STAGE REVIEW : ‘RUM & COKE’: A TASTE OF REAL WORLD
With everyone else looking back to Vietnam this week, South Coast Repertory invites us to look back to the Bay of Pigs. The play, at SCR’s Second Stage, is Keith Reddin’s “Rum and Coke.”
It is a “docu-satire” about two bright young people at the dawn of the Kennedy era who ask what they can do for their country and who are informed: Lie, betray your clients and keep your mouth shut.
If you comply, like Linda, the hotshot reporter from Time (Anni Long), you’ll get a nice job in Jackie’s press office. If you falter, like Jake, the humble political scientist from Harvard (Peter Crombie), you’ll end up in hot water for trying to pass secrets to the papers. Either way, you’ll find out how things work in the real world.
It’s a coming-of-age play, with Linda and Jake (who are brother and sister) standing for those naive Americans who hadn’t realized, up to the Bay of Pigs, that fighting communism would naturally force this country to do the sort of underhanded things that communists did, like financing revolutions in other countries.
Nor had we foreseen how badly our government could botch such an effort. Reddin is too young to remember the Bay of Pigs personally (this is only his second play), but he’s got the effect of it right. As a radio commentator of the time put it, it was the day when we began to admit the possibility that we were just another world power, and a clumsy one at that. Welcome, indeed, to the real world.
Interesting that, in this year of self-examination, it took a playwright to connect the Bay of Pigs with Vietnam--and, even more, with Nicaragua. (Ears prick up at South Coast when Ron Boussom’s eager CIA agent describes his army of exiled Cubans as “freedom fighters.”) But if “Rum and Coke” is meant as a warning, it can be read in two ways.
In a general sense, it seems to show the folly of imposing yourself on somebody else’s revolution. But Jake’s real problem with the invasion--the reason he tries to abort it by tipping off the press (who immediately call up the CIA)--is that he knows it’s to be a fatally half-hearted effort, with no hard support from the U.S. mainland for the contras who have become his friends (John Ellington, Tony Plana.)
So the moral of the story could well be: Go for it. Were this a finer-grained play, the ambiguity would enrich it.
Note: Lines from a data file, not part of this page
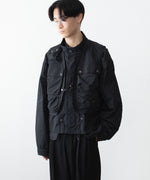 画像をギャラリービューアに読み込む, ANTHEM A アンセム エーのDOCKING NYLON SHORT BLOUSON - BLACKの公式通販サイトsession福岡セレクトショップ
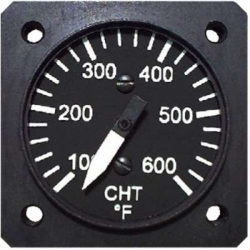 UMA 1-1/4 CHT GAUGE 100F - 300F NON TSO from UMA Instruments Inc.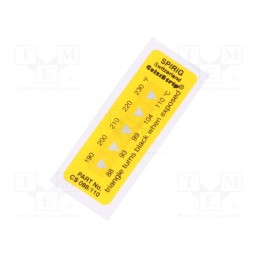 10 pcs : CS-088/110 - Temperature indicator, 88°C,93°C,99°C,104°C,110°C, °C,°F
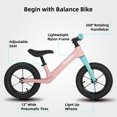 thumbnail image 2 of KEANO 12 Inch Kids Balance Bike for 2-6 Years Old Girls Boys, Toddler Balance Bike 2+ Year Old, Light-Up Wheels, No Pedal Push Bicycle, Adjustable Seat, Lightweight Nylon Frame, Multiple Colors, 2 of 6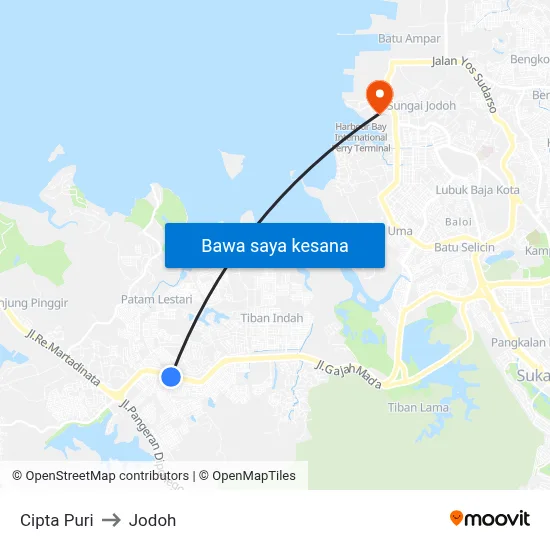 Cipta Puri to Jodoh map
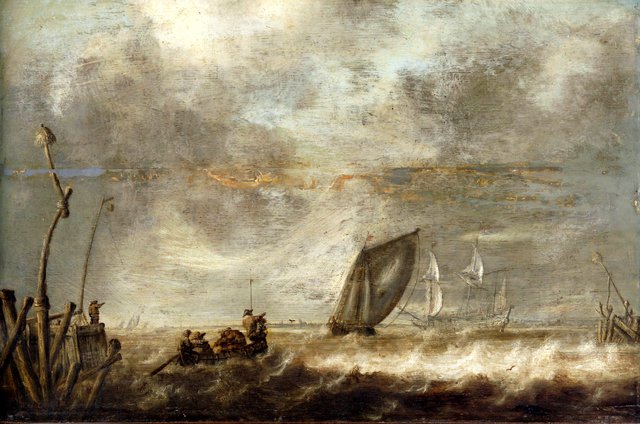Seestück by Jan Porcellis
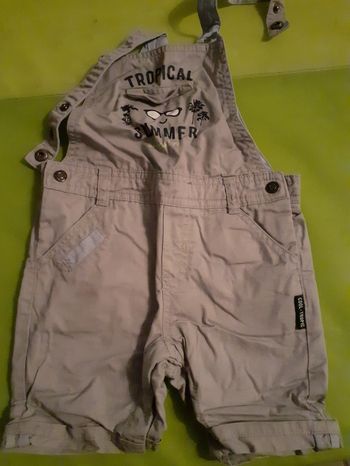 Salopette short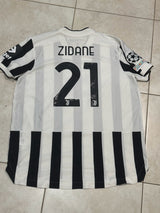 Adidas Juventus Home Soccer Jersey Zidane Size XXL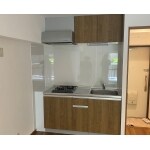 木目調のシステムキッチンに交換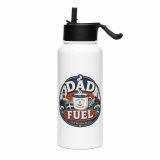 Dad Fuel - Stainless steel water bottle with a straw lid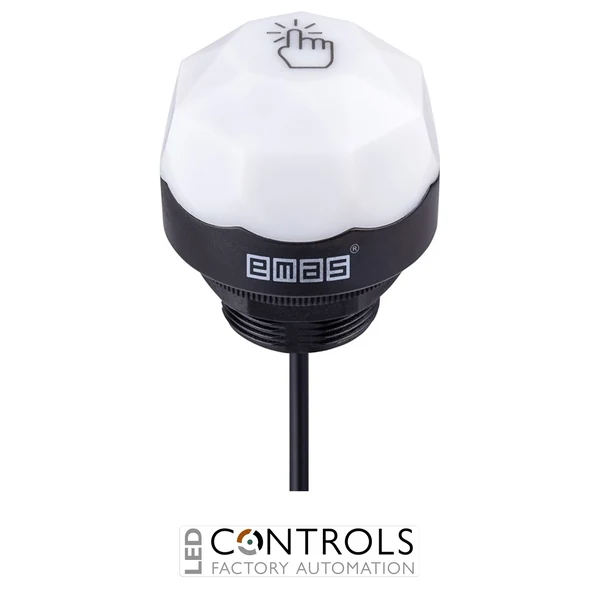 EMAS SCB30OP6NC1 EMAS CAPACITIVE TOUCH DIAMOND BUTTON M30 1M CABLE NPN NO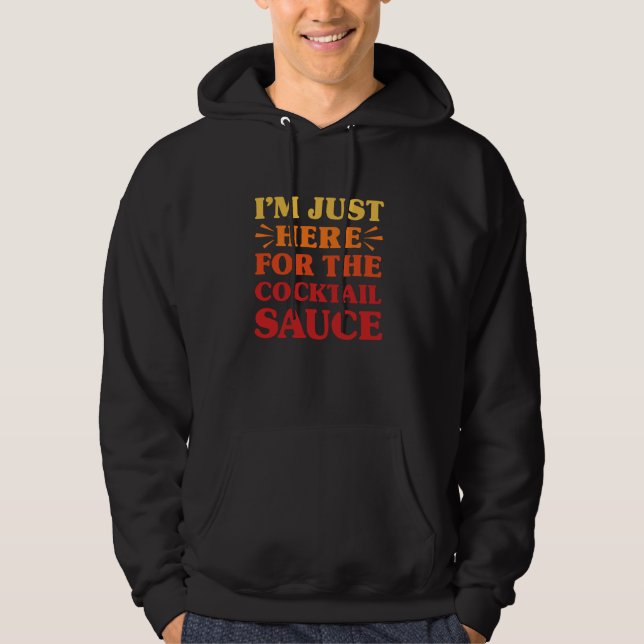 Cocktail Sauce I Kärlek Cocktail Sauce Funny Food  Hoodie (Framsida)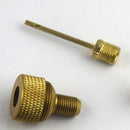5pcs/Set Brass Bike Pump Adapter Woods Schrader Converter Tire Pumps Connector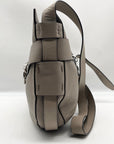 Unbranded Gray Pebbled Leather Crossbody Bag
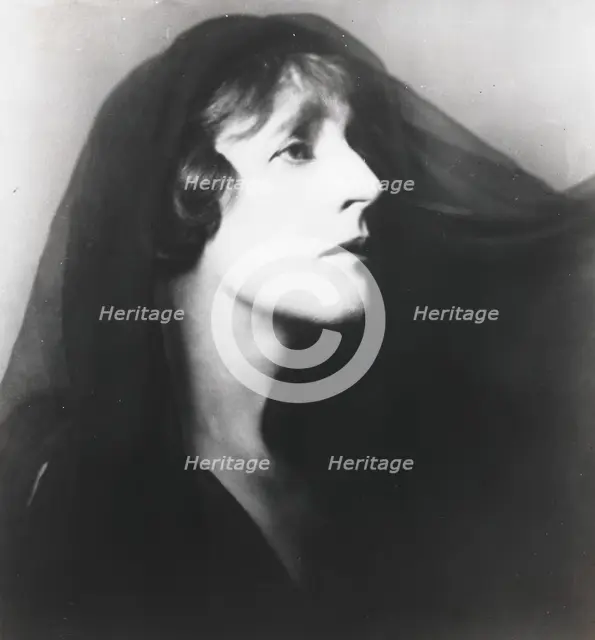 Portrait photograph of Margaret Anglin as Electra, between 1910 and 1925. Creator: Arnold Genthe.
Reddin does try for complexity in Jake’s relationship with his aggressive sister (Dad always liked her best), and there is a stab at Pirandello in the business about a remembered snapshot of the old Cuba that Jake turns out to have misremembered.
But most of “Rum and Coke” is pretty broad, as when a rich Texan (Richard Doyle) symbolically rids himself of a heckler (Art Koustik) by kneeing him in a vital area, or when Richard Nixon (Doyle again) clanks onto the stage like the Tin Man.
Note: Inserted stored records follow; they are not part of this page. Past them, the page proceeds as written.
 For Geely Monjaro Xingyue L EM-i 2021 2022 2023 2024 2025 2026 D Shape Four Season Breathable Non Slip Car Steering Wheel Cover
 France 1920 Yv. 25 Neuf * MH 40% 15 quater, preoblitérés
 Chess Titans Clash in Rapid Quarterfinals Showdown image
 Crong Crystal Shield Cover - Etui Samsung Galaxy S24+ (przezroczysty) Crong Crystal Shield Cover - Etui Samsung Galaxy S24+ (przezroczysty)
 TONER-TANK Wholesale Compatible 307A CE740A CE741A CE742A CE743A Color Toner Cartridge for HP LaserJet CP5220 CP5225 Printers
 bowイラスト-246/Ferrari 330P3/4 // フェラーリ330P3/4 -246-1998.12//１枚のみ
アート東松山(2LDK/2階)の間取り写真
At those moments, the play is written in crayon, and crayon messages shouldn’t be ambiguous--the viewer just ends up confused. We’re grateful these days when any playwright turns his attention to events outside the circle of the family, but this first “docu-satire” seems somewhat stuck between its parent genres.
The acting, under David Emmes’ direction, is generally on the mark, particularly John-David Keller as an upper-level CIA type who combines Ivy League condescension with brutality, and calls the result finesse. The crayon here has a razor blade in it. One does wonder about Crombie’s approach to the role of Jake. He suggests the campus nerd of the 1980s more than the campus idealist of the 1960s. Director Emmes is old enough to remember the latter, if Crombie isn’t.
The physical production is fabulous--a big word for such a small stage, but accurate. Cliff Faulkner’s constantly changing set uses small furniture pieces to tell us the place and big background posters of Ike, J.F.K., Richard M. Nixon, et cetera, to tell us the date; Susan Denison’s costumes evoke everything from the Fidel look to the Jackie look; Peter Maradudin’s lighting has room for terror.
In the end, “Rum and Coke” doesn’t satisfy--except visually. Yet at some level, and particularly this week, it refreshes.